[ntp:questions] Bizzare half second disagreement between ntp hosts
unruh-spam at physics.ubc.ca
Wed Jan 2 17:39:08 UTC 2008
Brian Utterback <brian.utterback at sun.com> writes:
>> I have a very weird situation. I am running a GPS PPS (Garmin GPS18LVM)
>> with a few machines as a backup/initialization.

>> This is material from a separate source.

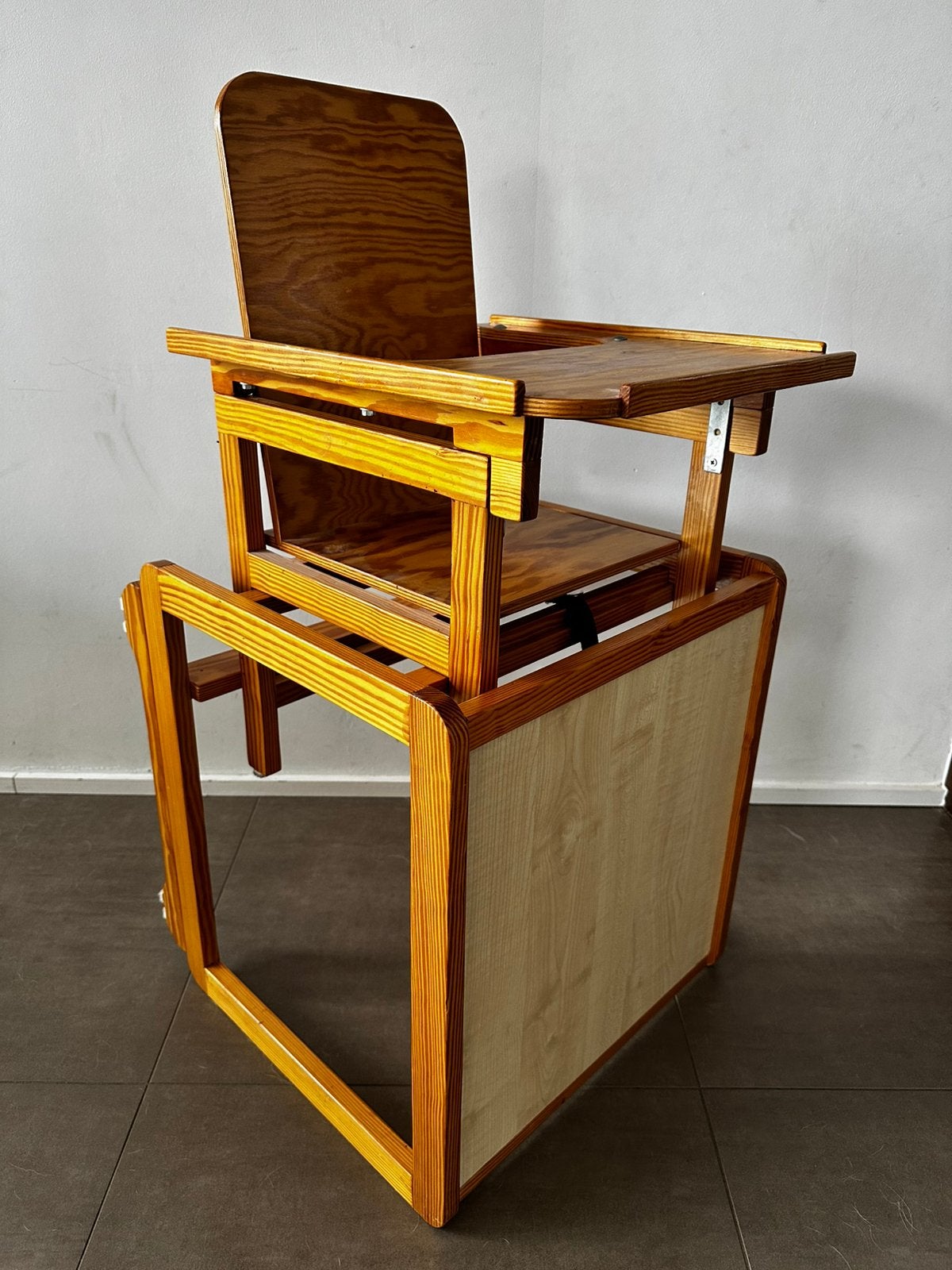 Handgemaakte houten kinderstoel / eetstoel – massief hout, Kinderen en Baby's, Ophalen of Verzenden, Gebruikt, Meegroeistoel, Afneembaar eetblad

>> Sudeenly for about half and hour, my GPS failed for some reason ( still do
>> not know what was wrong since it had come back on air by the time I noticed
>> something wrong). Every hour I run a ntpq -p just to check that my gps is
>> on air. I got this report.
>> remote refid st t when poll reach delay offset jitter
>> ============================================================================ ==
>> xtick.usask.ca .GPS. 1 u 1003 1024 377 44.954 0.213 480.149
>> +sanrail.com 184.108.40.206 2 u 993 1024 377 1.486 -479.03 479.917
>> +raptor.tera-byt 220.127.116.11 2 u 322 1024 377 17.295 -480.35 0.766
>> *zeus.yocum.org 18.104.22.168 2 u 390 1024 377 70.415 -481.02 1.230
>> SHM(0) .PPS. 0 l 1415 16 0 0.000 -0.002 0.001
>> Now I believe the tick.usask.ca result, since all of the machines which use
>> mine as a source suddenly noticed a .48 second jump when my GPS failed. But
>> why in the world would three systems all suddenly be out by .48 sec?

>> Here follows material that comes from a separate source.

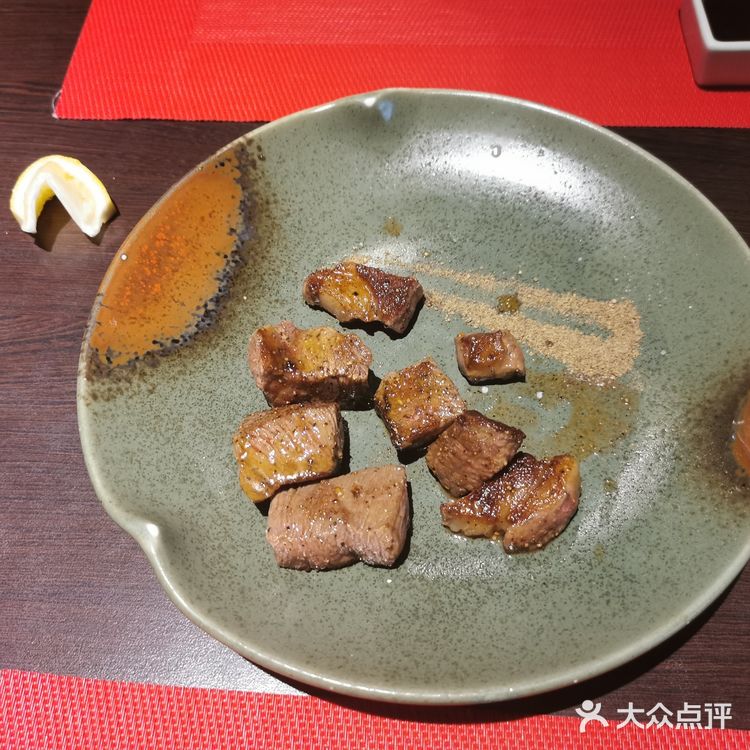 两百多块钱吃这么多东西值了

>> Doing a peers on them, one has a GPS as its source, one a .WWVB. and one an
>> .ACTS. Why should all three suddenly be out by half a second?
>Why to you believe tick.usask.ca? Look at the jitter, it recently had
>a jump of 480ms. It seems much more likely that the one server is off
>than three independent servers.
>The sudden jump is likely due to the way PPS is handled. Remember that
>the offset if the clock is determined by the time between the PPS
>firing and the nearest second tick of the system clock. The definition
>of "nearest" is the one for which the offset is less than .5 seconds,
>either in the future or the past. So, at some particular threshold of
>phase offset, the clock offset determined by the PPS will switch sign,
>and jump from .5 to -.5 or vice versa.
I believe it because when my system lost its own GPS lock, it suddenly
found itself .480 sec out when compared with those other three clocks, and
each of the machines. Ie, usask agreed with my local freewheeling time
which had been locked to GPS rather than those three other sources. And
.480 is not .5, so it was not a simple "which second is it" ( which should
have produced a 1.0 second offset anyway).
Now maybe GPS in Canada (I and usask are both in Canada) suffered a glitch.
(Those are very smart sattelites -- they can give a different time to the
US and to Canada:-)
I guess since noone else noticed anything like this, I will have to put it
down to cosmic weirdness.
What I noticed is that at 2007-12-30 15:06:31 UTC all of the machines which
used string as the ntp source found themselves .48 sec out. Unfortunately I
do not have proper logs in string running ntp-- only once per hour-- and
that log is the once per hour log from the ntp host.